What is required — Copy the lines below exactly, starting at the one with "Perfume Bottle Essential" and ending at the one with "Vintage Gold Tone", and leave out any picture.

Records shown —
════════
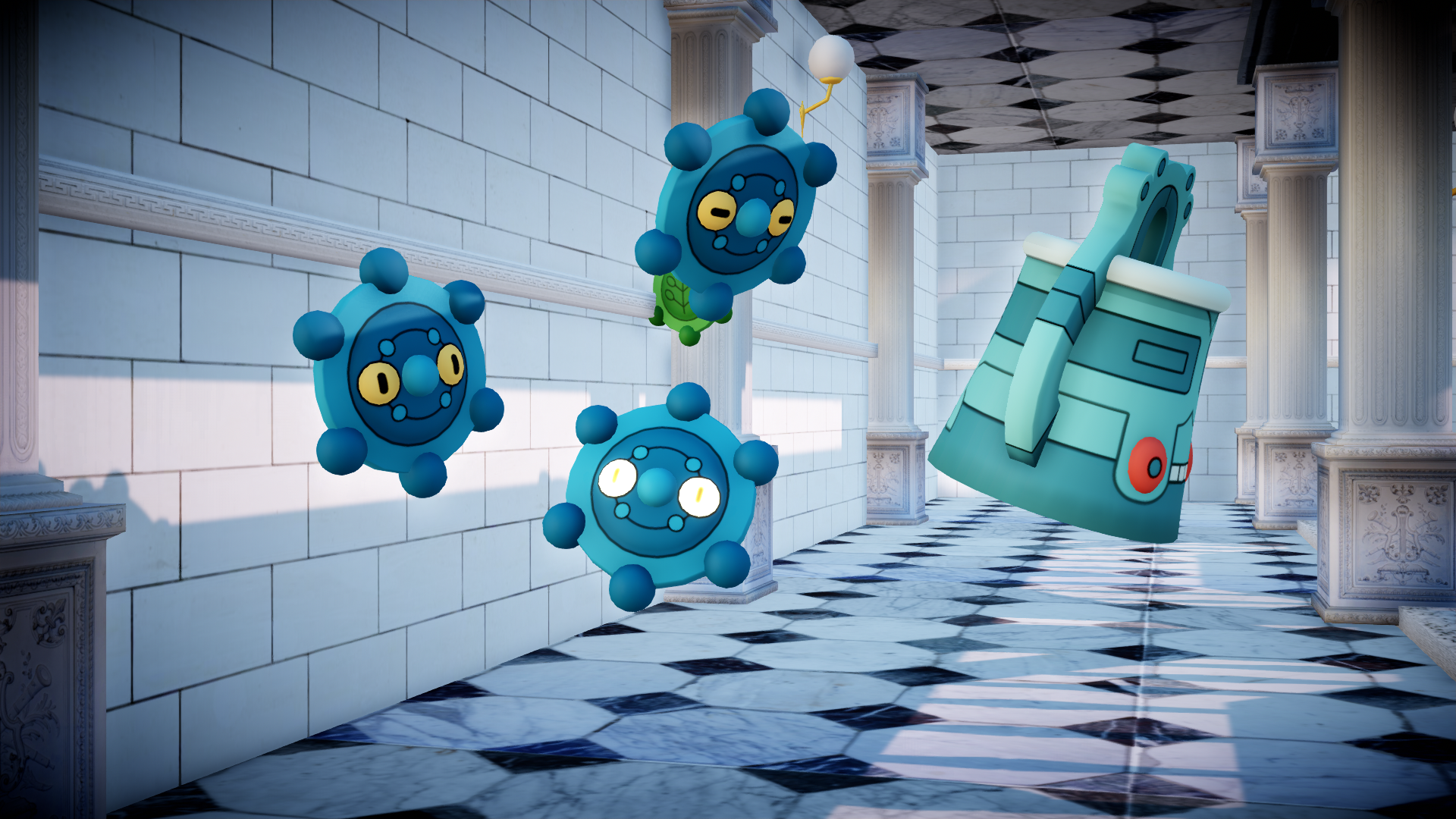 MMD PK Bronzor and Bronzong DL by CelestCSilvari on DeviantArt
════════
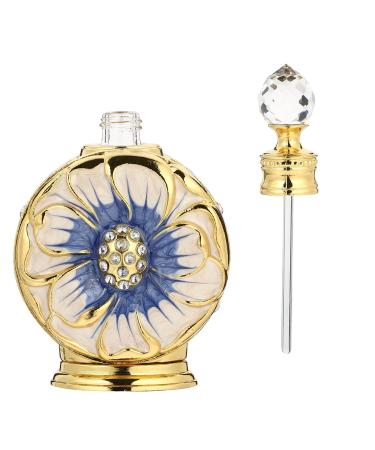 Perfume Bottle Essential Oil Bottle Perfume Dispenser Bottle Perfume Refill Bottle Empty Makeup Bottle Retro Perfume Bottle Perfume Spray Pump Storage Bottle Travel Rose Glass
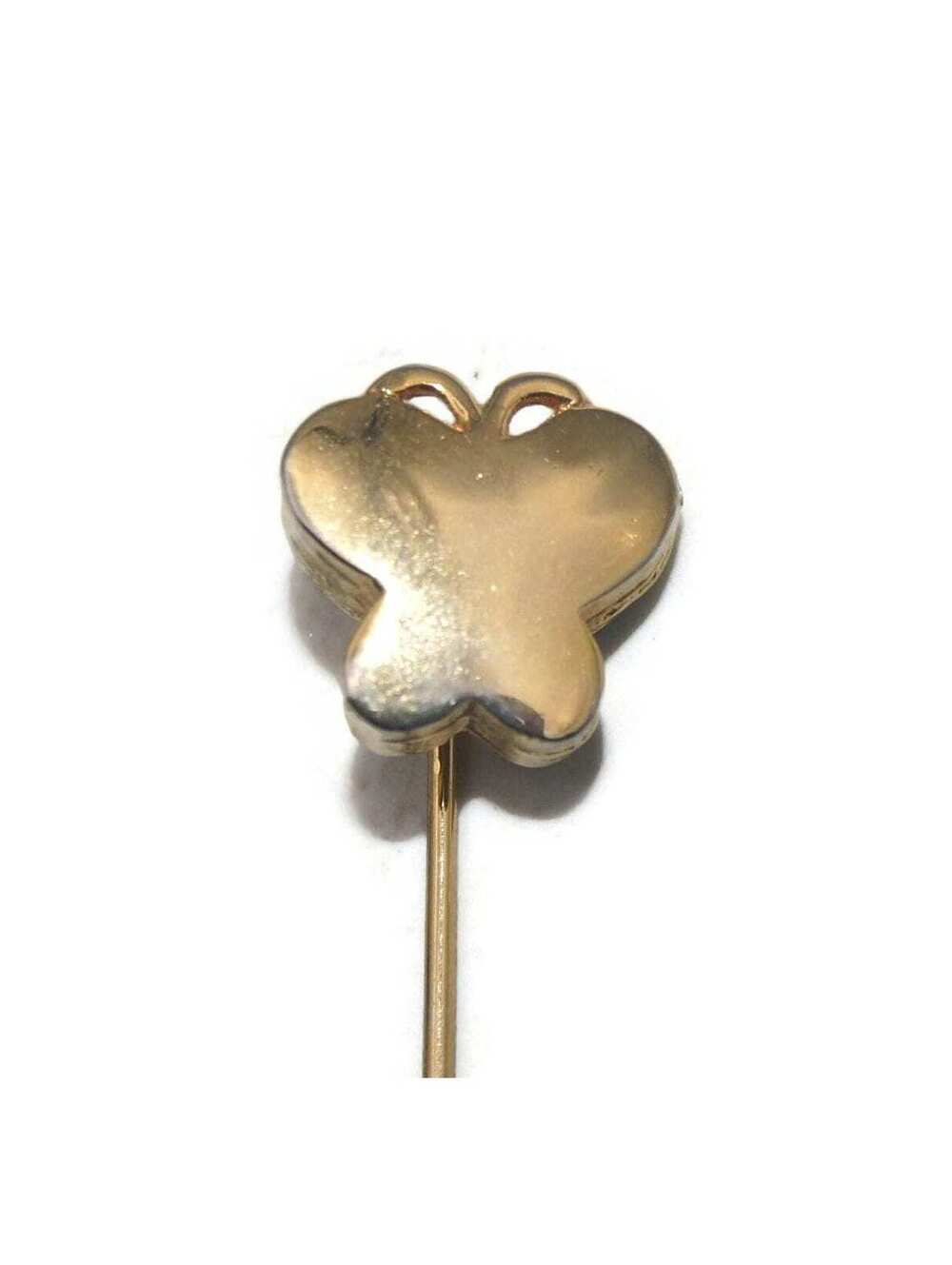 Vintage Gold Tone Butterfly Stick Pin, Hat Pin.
════════
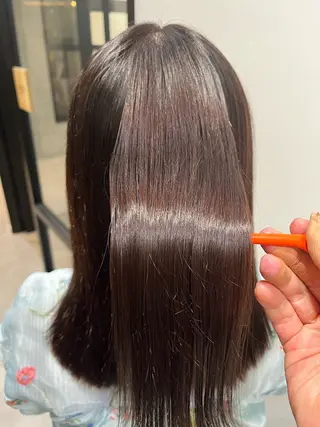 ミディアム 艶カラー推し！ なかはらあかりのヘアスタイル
════════
Response area —
 Perfume Bottle Essential Oil Bottle Perfume Dispenser Bottle Perfume Refill Bottle Empty Makeup Bottle Retro Perfume Bottle Perfume Spray Pump Storage Bottle Travel Rose Glass
 Vintage Gold Tone Butterfly Stick Pin, Hat Pin.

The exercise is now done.